RECORDS TO USE section start

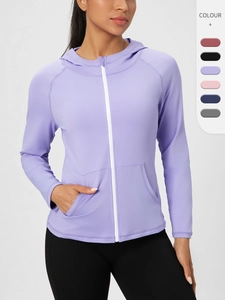 Veste de Yoga à Capuche Coupe Slim pour Femme Séchage Rapide Fermeture Éclair Veste de Sport de Course Avec Poches Coupe-vent Top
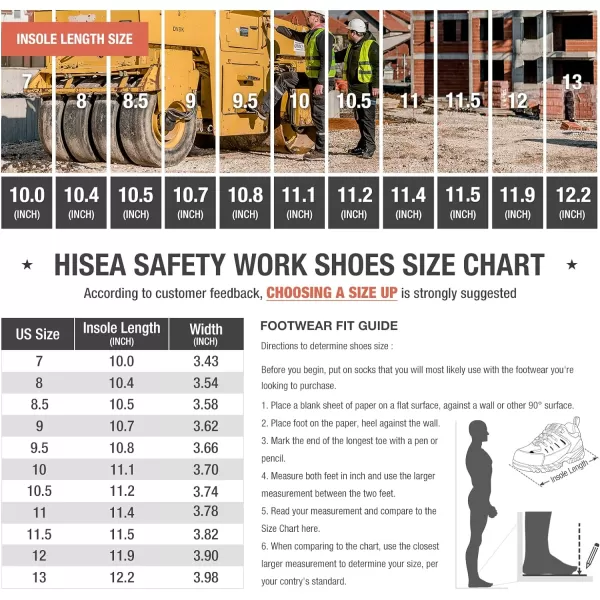 HISEA&nbsp;Men's&nbsp;Composite&nbsp;Toe&nbsp;Work&nbsp;Boots Full Grain Safety Leather Boots Slip Resistant Comfortable Impact Resistance Work Boots for Industrial &amp; Construction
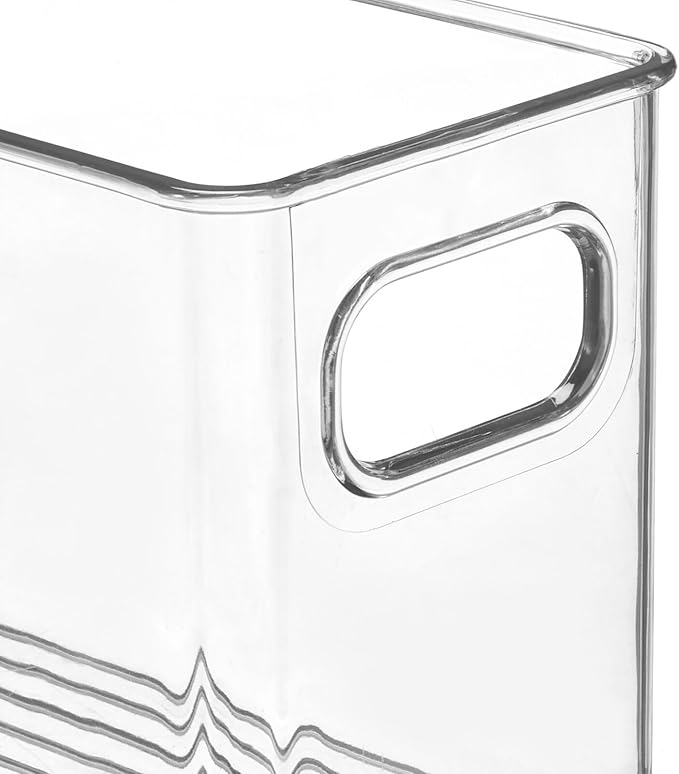 mDesign Plastic Kitchen Organizer - Storage Holder Bin with Handles for Pantry, Cupboard, Cabinet, Fridge/Freezer, Shelves, and Counter - Holds Canned Food, Snacks - Clear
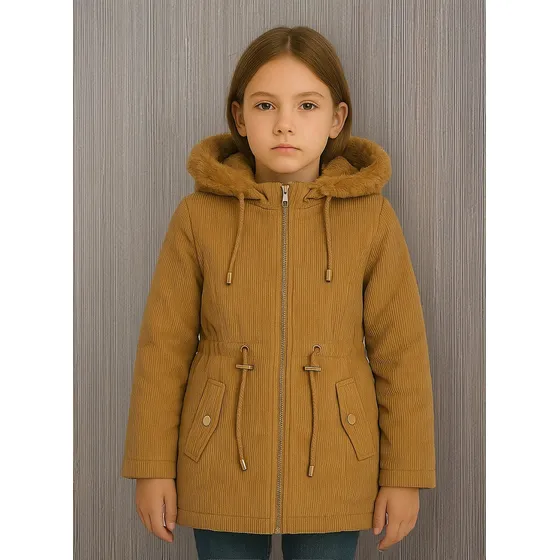 Parka Infantil - Forrada Com Pelo - Duplaface De Sarja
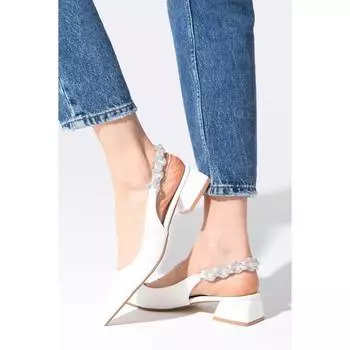 Женские стильные белые туфли с открытой спиной и каменным ремешком на коротком каблуке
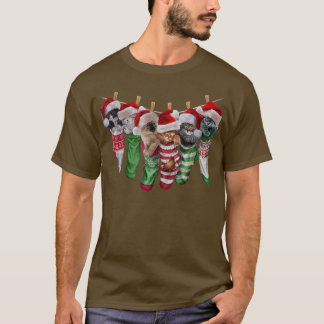 Camiseta Gato de Gatinho Bonito nas Meias de Natal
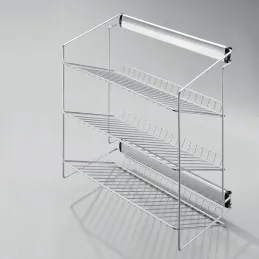 Izvlačna trostruka polica za cipele s ublaživačem / Srebrna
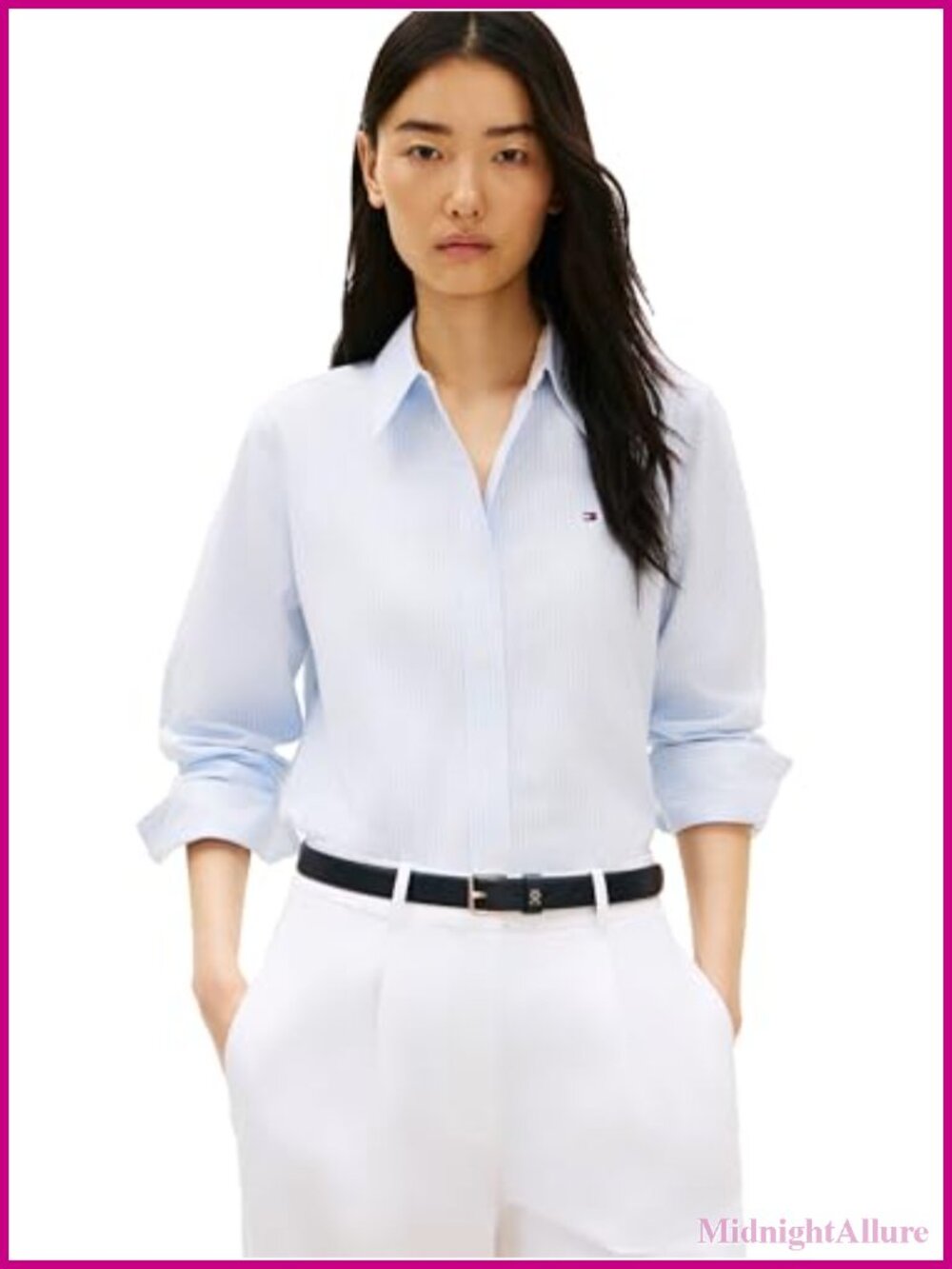 Women's Cotton Spandex Long Sleeve Button Down Shirt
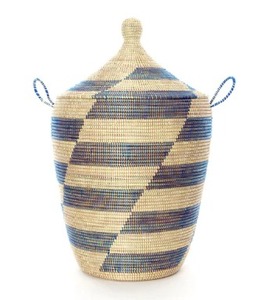 Set of 3 Handwoven Blue & Cream <b>Bath</b> Hamper Baskets Handmade <b>Storage</b> Basket Wholesale eco-friendly Made Viet Nam - Product Image 2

RECORDS TO USE section end

## PROBLEM DETAILS
When you reproduce the material, keep every word exact and leave each picture out.

## ANSWER TO THIS EXERCISE
 Veste de Yoga à Capuche Coupe Slim pour Femme Séchage Rapide Fermeture Éclair Veste de Sport de Course Avec Poches Coupe-vent Top
 HISEA&nbsp;Men's&nbsp;Composite&nbsp;Toe&nbsp;Work&nbsp;Boots Full Grain Safety Leather Boots Slip Resistant Comfortable Impact Resistance Work Boots for Industrial &amp; Construction
 mDesign Plastic Kitchen Organizer - Storage Holder Bin with Handles for Pantry, Cupboard, Cabinet, Fridge/Freezer, Shelves, and Counter - Holds Canned Food, Snacks - Clear
 Parka Infantil - Forrada Com Pelo - Duplaface De Sarja
 Женские стильные белые туфли с открытой спиной и каменным ремешком на коротком каблуке
 Camiseta Gato de Gatinho Bonito nas Meias de Natal
 Izvlačna trostruka polica za cipele s ublaživačem / Srebrna
 Women's Cotton Spandex Long Sleeve Button Down Shirt
 Set of 3 Handwoven Blue & Cream <b>Bath</b> Hamper Baskets Handmade <b>Storage</b> Basket Wholesale eco-friendly Made Viet Nam - Product Image 2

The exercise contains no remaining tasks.